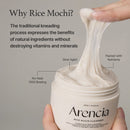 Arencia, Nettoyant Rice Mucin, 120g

◆ ◆ ◆ ◆ ◆

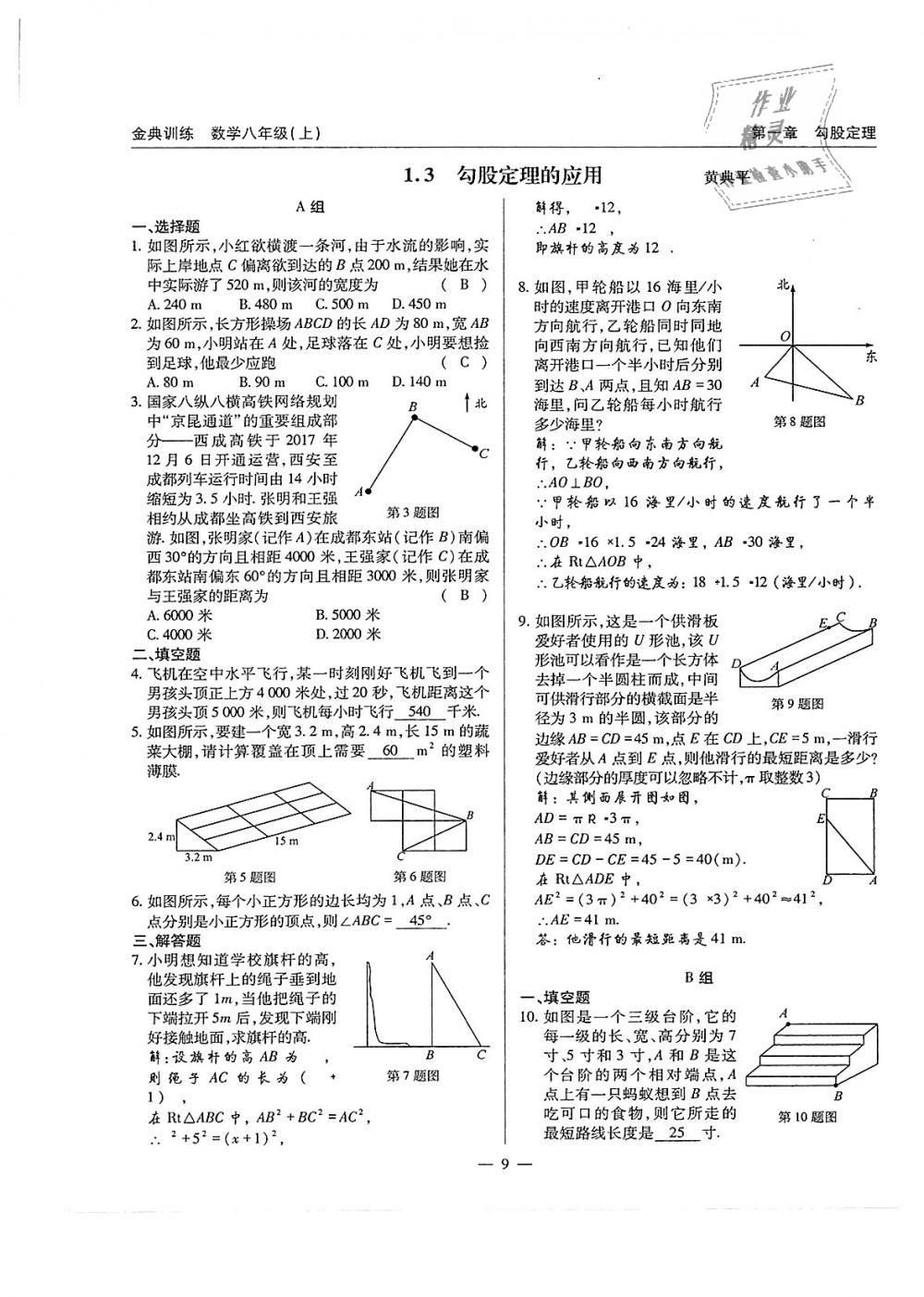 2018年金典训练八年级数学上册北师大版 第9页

◆ ◆ ◆ ◆ ◆

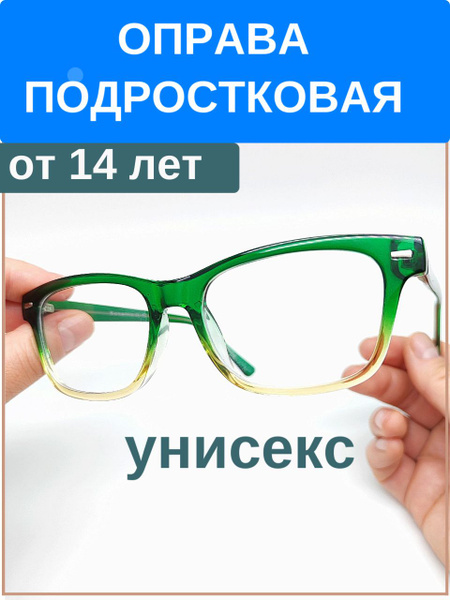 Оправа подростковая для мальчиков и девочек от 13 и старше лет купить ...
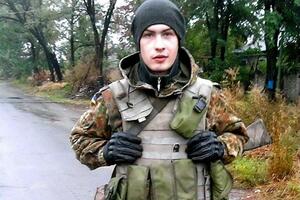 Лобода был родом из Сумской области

◆ ◆ ◆ ◆ ◆

*Description of the task*
Find where the line with "Оправа подростковая для" sits in the material above and where the line with "Лобода был родом из Сумской области" sits. Set down exactly the lines from the first to the second, both included and nothing else, without pictures.

*Response*
 Оправа подростковая для мальчиков и девочек от 13 и старше лет купить ...
 Лобода был родом из Сумской области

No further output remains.